**MATERIAL SUPPLIED:**
________________

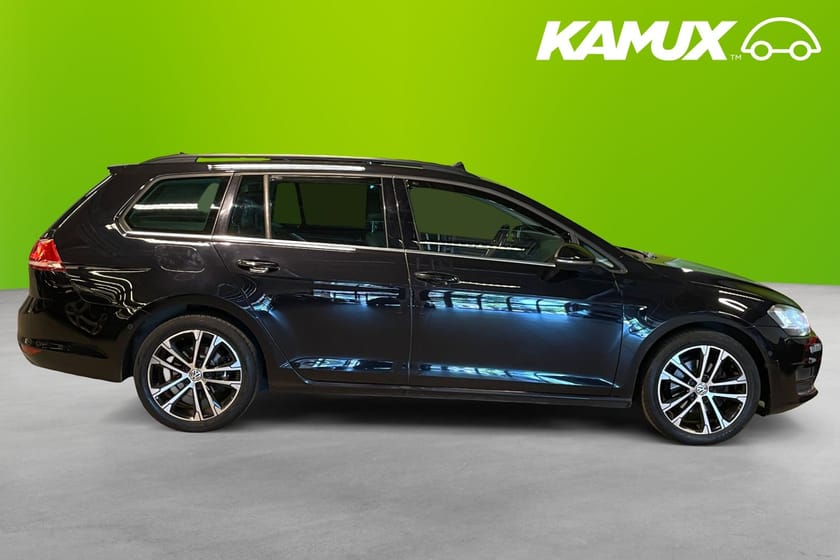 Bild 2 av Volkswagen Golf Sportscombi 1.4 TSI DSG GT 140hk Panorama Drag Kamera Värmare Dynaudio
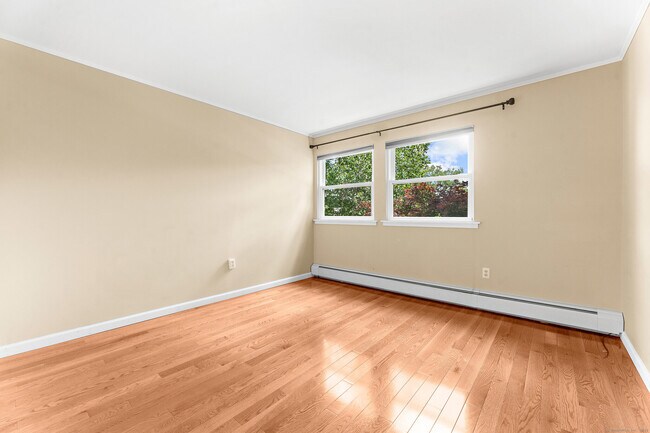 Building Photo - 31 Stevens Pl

________________

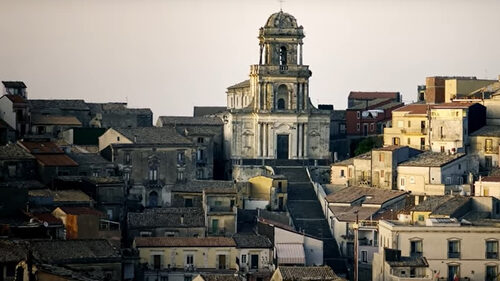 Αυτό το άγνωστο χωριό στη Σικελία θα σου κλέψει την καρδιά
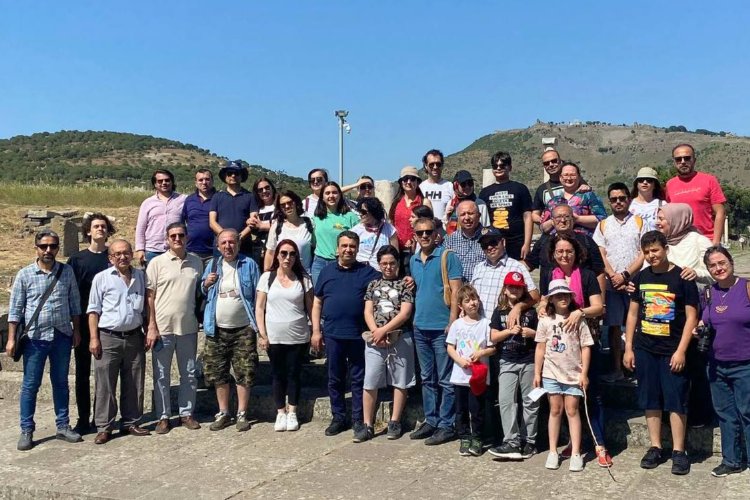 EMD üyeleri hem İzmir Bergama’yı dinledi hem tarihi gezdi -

________________

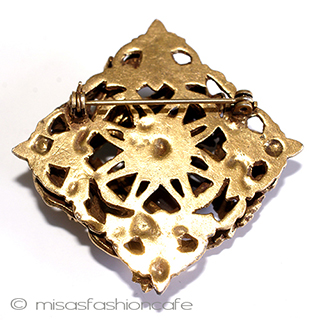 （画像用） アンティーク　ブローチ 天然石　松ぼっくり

________________

Above are the records. Copy only the lines from the one with "Bild 2 av Volkswagen" through the one with "Building Photo - 31 Stevens Pl", exactly, with no pictures.

 Bild 2 av Volkswagen Golf Sportscombi 1.4 TSI DSG GT 140hk Panorama Drag Kamera Värmare Dynaudio
 Building Photo - 31 Stevens Pl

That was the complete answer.